I just reread the whole thread. It seems like you have mixed goals and I understand that. You sort of want a weekend toy, not really a daily driver. You want it to be performance oriented eventually but you don't mention what kind of performance.

I would try to pin down the goals because it makes recommending solutions easier. Mixed goals like 10 second quarter mile and long range (another thread) can only end up costing a big bucket of money.

Are you going to put in a roll cage? Seems like you want a car that you look good in rather than something dangerous enough to need the rollover protection. Do you want a car that has as much or more performance as your son's 88 TII? Or would the performance level of the original car be good enough? Are you still thinking about 50 miles for the range? Your early comment about thinking about leaving off the clutch is a hint that performance is not all that important to you. I say this because a shift with the clutch takes around 1/3 second and a clutch less shift takes around 2 seconds.

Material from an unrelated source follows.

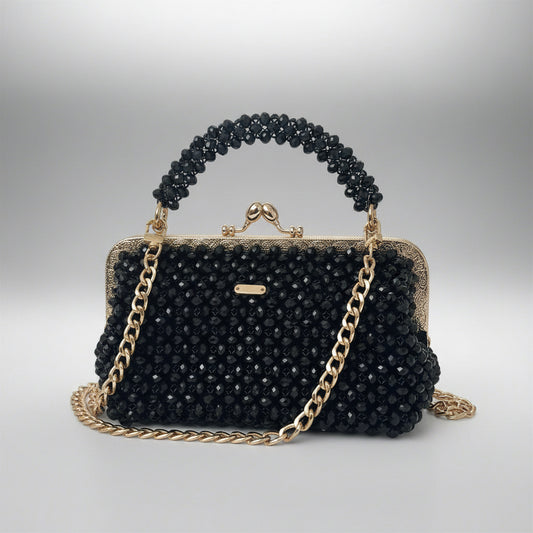 Black beaded handbag with gold chain and handle on a light gray background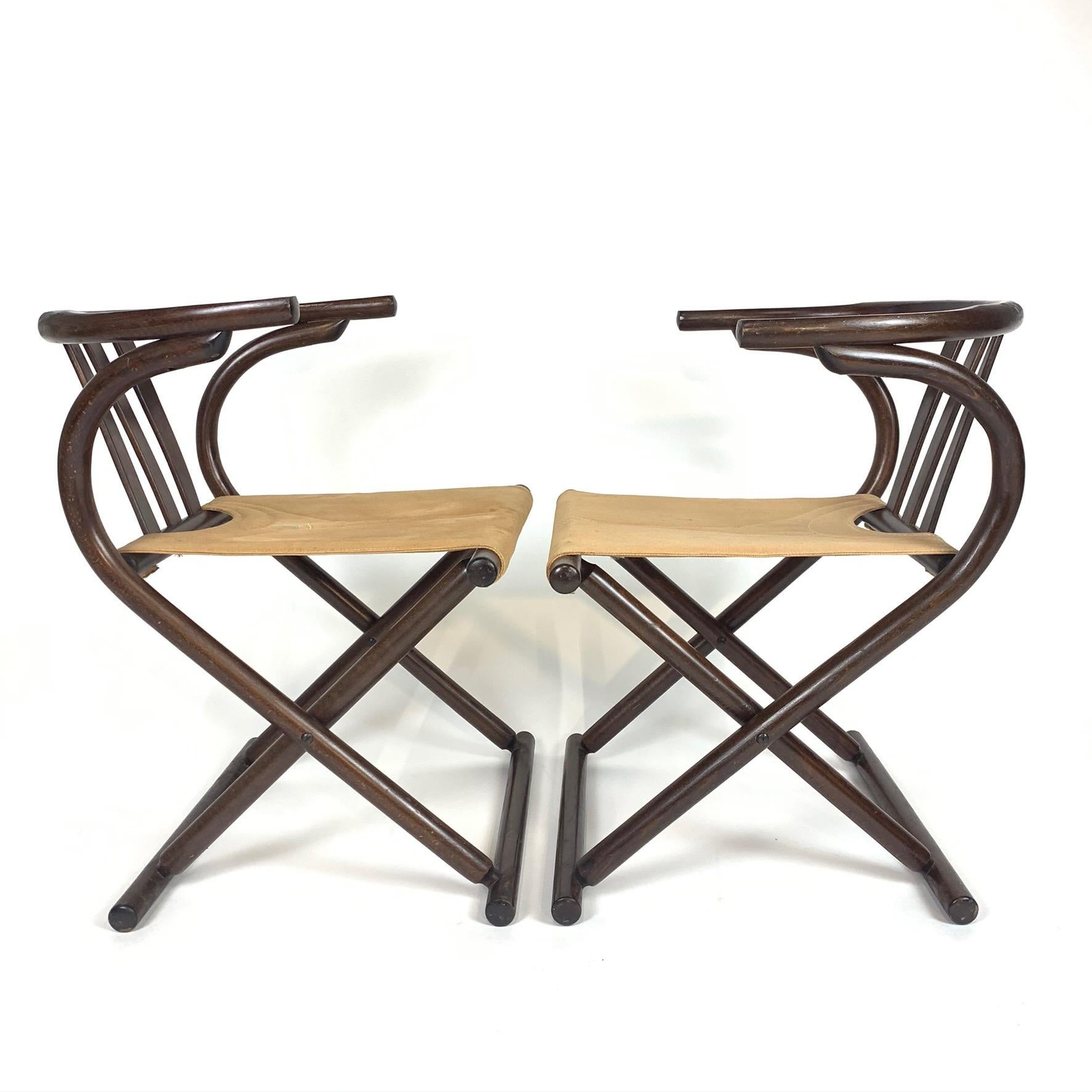 Unique pair of Thonet Mid-Century Modern bentwood chairs that fold. Dark bentwood frames with sturdy canvas seats with decorative stitching. Canvas on one chair has some discoloration as seen in photos.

People tend to want it all so defining your goals for the car may be difficult. And they could change after you finish the car and drive it a while. My 30 year old 7 was not drive-able as a daily before the conversion. I can't imagine not wanting to drive it daily anymore.

With a car as light as the RX-7 you don't need two motors for a fair weather car unless you really need extreme performance. If you want a car that can match or exceed the original vehicle in every aspect except for top speed a Warp9/Soliton 1 combo will do that with the correct battery pack. If you were determined to not use the transmission then two motors is essential to get the torque you need. A single motor would be stressed pretty badly in that situation and you would need a 2000 amp controller.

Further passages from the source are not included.